> _What you should do_
The pictures must be left out, while the rest of the data is copied exactly.

> _Dataset content_
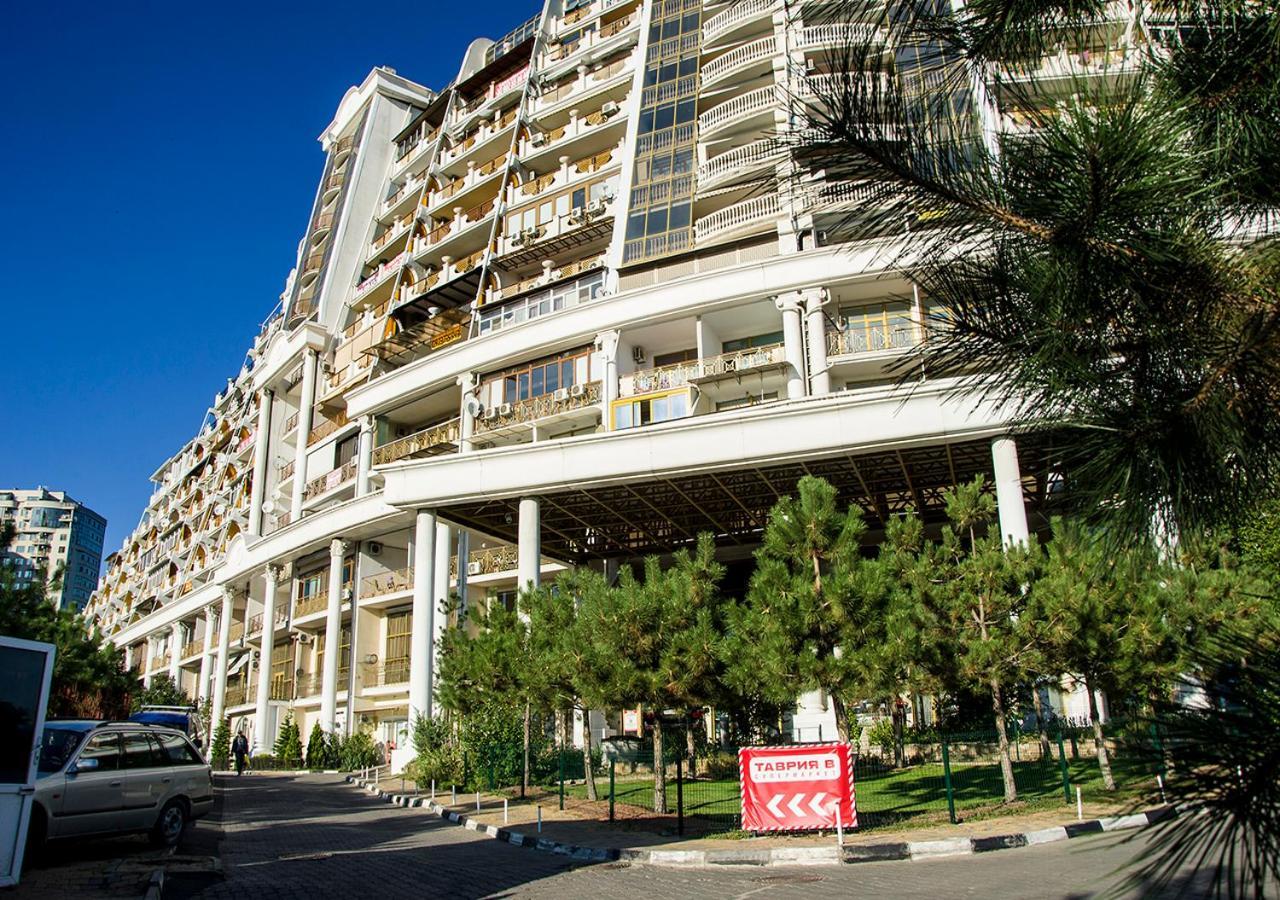 Arkadia Palace Apartments Odessa Eksteriør bilde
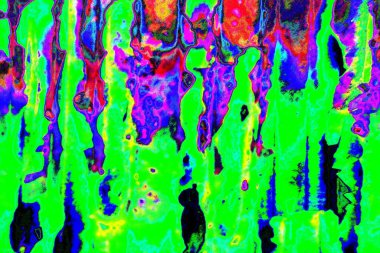 Soyut arkaplan. Çoklu renkli doku çizimi.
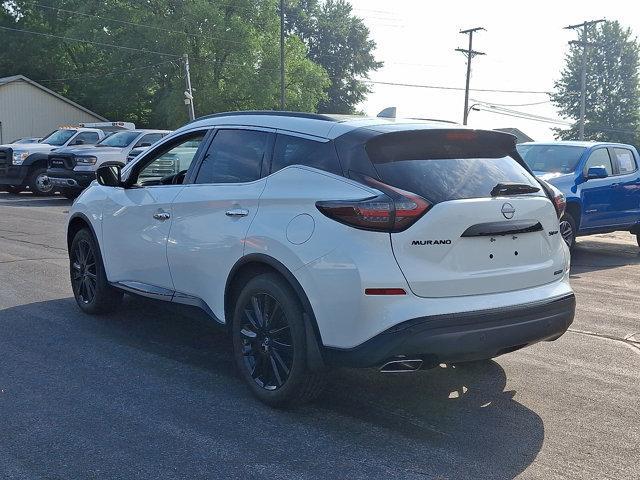 used 2023 Nissan Murano car, priced at $27,800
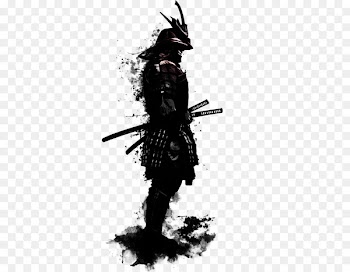 Samurai Art Canvas print Japanese armour - samurai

> _Response below_
 Arkadia Palace Apartments Odessa Eksteriør bilde
 Soyut arkaplan. Çoklu renkli doku çizimi.
 used 2023 Nissan Murano car, priced at $27,800
 Samurai Art Canvas print Japanese armour - samurai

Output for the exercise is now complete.